■ Given records:
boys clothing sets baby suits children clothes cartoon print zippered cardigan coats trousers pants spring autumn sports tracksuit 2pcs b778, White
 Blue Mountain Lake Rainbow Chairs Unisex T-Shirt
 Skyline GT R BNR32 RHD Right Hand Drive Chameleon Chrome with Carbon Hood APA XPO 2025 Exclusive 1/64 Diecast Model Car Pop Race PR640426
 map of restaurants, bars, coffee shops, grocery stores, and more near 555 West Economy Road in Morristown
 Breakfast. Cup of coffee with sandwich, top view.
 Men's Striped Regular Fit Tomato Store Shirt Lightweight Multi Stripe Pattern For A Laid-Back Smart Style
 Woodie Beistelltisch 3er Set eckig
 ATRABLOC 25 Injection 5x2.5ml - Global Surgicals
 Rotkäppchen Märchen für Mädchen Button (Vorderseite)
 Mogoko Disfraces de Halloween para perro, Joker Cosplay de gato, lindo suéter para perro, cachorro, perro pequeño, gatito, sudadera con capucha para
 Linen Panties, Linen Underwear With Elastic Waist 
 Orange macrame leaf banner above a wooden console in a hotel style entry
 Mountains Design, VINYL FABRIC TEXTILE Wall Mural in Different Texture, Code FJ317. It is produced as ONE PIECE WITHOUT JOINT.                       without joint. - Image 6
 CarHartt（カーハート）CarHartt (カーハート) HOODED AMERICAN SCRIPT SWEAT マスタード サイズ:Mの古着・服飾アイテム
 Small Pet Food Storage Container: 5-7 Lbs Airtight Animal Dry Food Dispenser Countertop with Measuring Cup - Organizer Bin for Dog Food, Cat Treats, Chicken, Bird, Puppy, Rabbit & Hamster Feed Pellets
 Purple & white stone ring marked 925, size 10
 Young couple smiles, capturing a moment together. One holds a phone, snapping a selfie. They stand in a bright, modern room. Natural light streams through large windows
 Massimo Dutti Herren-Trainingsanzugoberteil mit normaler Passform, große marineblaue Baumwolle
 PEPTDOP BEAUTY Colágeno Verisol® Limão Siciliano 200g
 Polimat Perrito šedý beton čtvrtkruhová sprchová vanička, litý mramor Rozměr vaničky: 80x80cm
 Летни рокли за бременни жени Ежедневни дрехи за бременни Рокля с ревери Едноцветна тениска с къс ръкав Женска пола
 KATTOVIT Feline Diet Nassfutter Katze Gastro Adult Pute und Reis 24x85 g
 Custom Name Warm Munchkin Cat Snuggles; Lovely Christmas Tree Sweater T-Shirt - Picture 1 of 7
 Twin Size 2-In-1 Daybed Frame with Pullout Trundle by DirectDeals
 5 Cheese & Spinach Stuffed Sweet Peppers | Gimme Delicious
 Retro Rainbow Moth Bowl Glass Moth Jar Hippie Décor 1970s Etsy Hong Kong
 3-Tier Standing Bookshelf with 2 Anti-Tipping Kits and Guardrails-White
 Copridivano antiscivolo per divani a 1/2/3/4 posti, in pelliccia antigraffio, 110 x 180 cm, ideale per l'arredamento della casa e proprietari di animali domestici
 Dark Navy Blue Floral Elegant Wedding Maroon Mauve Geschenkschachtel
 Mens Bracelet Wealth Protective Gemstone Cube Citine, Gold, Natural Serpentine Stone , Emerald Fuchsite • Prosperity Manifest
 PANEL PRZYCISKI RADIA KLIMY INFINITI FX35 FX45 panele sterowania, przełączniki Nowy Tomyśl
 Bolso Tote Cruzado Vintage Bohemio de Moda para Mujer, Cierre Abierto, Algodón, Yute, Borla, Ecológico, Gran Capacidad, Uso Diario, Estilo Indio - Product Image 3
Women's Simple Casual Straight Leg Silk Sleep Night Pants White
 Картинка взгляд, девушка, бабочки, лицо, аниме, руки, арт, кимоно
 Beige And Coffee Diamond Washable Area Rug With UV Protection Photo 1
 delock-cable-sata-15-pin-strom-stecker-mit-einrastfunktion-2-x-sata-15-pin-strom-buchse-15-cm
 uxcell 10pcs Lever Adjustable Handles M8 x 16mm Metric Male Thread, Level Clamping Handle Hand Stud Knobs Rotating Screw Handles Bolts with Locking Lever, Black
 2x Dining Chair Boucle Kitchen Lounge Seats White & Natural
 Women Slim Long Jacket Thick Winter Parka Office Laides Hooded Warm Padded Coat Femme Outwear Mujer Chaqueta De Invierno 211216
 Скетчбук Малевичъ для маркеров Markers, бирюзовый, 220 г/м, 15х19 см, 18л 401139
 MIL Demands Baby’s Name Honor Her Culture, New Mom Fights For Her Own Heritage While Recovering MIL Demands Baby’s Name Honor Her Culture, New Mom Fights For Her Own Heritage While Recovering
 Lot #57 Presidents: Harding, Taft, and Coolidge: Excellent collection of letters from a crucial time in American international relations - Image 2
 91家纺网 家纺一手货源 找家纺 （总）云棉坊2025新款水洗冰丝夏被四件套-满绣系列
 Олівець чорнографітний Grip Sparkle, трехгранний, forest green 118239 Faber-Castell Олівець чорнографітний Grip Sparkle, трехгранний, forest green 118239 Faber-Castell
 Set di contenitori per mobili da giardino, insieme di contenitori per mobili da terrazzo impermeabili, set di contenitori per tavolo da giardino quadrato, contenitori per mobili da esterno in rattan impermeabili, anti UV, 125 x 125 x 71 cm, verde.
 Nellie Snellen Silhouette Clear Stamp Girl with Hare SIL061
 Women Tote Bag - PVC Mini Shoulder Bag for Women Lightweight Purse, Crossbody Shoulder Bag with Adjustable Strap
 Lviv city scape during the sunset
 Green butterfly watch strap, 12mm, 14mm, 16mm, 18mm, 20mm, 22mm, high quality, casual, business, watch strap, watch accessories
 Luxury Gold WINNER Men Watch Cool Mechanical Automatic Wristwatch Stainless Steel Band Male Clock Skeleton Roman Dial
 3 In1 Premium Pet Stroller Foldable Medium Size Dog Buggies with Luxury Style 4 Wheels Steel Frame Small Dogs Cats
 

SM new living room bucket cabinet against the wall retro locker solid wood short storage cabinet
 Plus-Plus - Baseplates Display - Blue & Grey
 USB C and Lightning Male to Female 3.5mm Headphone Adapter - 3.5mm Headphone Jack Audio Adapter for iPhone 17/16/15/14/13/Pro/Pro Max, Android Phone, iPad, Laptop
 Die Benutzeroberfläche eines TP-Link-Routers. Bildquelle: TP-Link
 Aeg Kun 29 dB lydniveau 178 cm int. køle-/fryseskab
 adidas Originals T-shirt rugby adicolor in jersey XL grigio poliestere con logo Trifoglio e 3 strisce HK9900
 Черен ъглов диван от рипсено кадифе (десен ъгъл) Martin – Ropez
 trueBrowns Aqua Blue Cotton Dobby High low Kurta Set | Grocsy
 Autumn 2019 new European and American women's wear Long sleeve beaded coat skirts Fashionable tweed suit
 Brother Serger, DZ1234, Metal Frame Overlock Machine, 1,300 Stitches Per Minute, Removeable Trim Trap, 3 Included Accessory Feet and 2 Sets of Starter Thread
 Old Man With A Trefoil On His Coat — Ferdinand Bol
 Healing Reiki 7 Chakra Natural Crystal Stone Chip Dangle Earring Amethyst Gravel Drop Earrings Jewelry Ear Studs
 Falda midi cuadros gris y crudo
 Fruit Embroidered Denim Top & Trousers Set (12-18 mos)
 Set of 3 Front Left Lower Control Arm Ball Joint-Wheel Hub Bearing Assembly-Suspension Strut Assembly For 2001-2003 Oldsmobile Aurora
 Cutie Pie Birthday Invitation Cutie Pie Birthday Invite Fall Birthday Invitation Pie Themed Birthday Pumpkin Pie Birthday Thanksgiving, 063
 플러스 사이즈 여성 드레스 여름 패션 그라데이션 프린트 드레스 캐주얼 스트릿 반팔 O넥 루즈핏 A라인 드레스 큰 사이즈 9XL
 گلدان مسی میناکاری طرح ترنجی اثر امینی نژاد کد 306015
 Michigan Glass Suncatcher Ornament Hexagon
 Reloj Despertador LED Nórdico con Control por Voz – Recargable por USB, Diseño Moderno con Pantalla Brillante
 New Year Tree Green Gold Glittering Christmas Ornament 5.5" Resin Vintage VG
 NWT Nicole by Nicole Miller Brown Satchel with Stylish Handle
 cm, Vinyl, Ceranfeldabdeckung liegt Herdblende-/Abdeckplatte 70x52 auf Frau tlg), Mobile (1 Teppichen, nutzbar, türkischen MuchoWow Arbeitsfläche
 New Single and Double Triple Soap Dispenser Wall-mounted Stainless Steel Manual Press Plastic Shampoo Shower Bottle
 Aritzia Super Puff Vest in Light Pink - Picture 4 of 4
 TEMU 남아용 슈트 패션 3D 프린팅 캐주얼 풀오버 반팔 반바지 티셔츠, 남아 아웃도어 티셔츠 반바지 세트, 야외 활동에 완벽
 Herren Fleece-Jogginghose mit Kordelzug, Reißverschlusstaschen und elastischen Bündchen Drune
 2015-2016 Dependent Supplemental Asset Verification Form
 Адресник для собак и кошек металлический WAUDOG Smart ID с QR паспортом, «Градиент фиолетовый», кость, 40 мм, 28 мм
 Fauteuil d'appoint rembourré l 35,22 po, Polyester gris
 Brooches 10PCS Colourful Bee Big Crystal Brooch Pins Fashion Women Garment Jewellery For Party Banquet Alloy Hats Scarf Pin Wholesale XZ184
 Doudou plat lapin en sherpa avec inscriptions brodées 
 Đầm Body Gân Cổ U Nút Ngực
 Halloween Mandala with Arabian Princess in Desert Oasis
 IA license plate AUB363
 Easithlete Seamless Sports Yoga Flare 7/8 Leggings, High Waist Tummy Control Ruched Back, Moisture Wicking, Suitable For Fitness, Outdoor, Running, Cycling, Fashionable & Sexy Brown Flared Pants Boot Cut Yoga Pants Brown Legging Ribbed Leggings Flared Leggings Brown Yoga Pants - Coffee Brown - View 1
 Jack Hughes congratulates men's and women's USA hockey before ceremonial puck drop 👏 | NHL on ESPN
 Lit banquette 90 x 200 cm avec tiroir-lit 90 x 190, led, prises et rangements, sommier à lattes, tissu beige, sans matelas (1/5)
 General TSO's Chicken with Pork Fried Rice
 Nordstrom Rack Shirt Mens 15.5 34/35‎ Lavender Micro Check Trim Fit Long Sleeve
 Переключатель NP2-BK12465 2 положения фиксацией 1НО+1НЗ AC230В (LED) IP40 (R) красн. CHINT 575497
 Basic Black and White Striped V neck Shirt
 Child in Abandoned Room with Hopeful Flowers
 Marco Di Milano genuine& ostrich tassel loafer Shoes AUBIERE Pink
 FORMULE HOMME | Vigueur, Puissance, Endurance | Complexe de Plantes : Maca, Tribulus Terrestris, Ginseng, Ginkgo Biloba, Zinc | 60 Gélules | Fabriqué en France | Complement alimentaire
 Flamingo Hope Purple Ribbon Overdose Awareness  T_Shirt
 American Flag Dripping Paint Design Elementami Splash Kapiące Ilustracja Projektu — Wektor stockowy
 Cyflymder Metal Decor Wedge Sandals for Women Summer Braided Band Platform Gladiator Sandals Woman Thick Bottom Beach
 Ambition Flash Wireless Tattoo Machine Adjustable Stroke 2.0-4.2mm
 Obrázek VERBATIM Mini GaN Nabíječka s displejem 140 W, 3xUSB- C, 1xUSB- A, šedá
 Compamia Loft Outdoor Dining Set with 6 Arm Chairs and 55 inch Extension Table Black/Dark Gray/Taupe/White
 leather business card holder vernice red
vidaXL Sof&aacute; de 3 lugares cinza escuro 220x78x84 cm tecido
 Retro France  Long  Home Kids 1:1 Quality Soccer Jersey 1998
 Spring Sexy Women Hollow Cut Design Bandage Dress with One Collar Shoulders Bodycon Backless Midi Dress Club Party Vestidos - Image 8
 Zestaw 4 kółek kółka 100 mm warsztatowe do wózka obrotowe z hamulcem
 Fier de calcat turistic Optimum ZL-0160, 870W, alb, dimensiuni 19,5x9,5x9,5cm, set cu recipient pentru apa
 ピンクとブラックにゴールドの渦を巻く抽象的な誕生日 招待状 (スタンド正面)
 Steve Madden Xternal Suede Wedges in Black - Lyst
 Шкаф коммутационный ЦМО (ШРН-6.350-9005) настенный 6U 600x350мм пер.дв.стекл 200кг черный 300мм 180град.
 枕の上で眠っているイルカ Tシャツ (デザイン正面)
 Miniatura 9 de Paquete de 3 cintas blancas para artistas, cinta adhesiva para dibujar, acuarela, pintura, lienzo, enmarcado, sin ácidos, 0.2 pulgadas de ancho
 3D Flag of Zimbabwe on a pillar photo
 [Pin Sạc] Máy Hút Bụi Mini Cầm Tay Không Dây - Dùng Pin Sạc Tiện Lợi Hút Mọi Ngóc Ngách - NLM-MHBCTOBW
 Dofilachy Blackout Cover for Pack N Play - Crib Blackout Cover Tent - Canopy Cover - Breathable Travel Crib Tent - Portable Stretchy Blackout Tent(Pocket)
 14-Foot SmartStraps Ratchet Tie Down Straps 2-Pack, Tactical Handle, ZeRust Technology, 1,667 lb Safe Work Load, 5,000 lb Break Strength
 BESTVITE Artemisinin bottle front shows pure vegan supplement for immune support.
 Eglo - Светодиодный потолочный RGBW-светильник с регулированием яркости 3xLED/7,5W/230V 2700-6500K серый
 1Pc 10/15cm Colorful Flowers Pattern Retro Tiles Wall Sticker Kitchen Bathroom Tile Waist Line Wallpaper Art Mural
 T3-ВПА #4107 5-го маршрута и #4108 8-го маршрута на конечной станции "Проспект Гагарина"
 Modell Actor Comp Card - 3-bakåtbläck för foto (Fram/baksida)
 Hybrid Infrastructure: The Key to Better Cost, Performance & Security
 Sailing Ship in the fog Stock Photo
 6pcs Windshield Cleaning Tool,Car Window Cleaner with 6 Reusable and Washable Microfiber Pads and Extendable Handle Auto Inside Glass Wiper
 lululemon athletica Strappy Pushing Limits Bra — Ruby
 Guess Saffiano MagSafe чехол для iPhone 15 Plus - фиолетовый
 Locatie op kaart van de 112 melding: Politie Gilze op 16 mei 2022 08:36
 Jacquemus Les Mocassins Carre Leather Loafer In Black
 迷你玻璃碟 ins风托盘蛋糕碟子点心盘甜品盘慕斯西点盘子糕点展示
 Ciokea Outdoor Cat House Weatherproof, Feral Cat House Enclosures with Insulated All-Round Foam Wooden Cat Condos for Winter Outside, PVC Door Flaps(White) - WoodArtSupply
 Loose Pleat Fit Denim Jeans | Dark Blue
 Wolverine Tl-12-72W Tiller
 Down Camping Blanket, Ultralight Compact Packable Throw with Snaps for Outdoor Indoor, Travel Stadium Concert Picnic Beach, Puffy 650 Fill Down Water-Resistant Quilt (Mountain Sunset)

■ Task to carry out: As listed above, the lines from the line with "Blue Mountain Lake" to the line with "map of restaurants, bars, coffee" are to be echoed exactly, with both ends included and nothing added.

■ Task response:
 Blue Mountain Lake Rainbow Chairs Unisex T-Shirt
 Skyline GT R BNR32 RHD Right Hand Drive Chameleon Chrome with Carbon Hood APA XPO 2025 Exclusive 1/64 Diecast Model Car Pop Race PR640426
 map of restaurants, bars, coffee shops, grocery stores, and more near 555 West Economy Road in Morristown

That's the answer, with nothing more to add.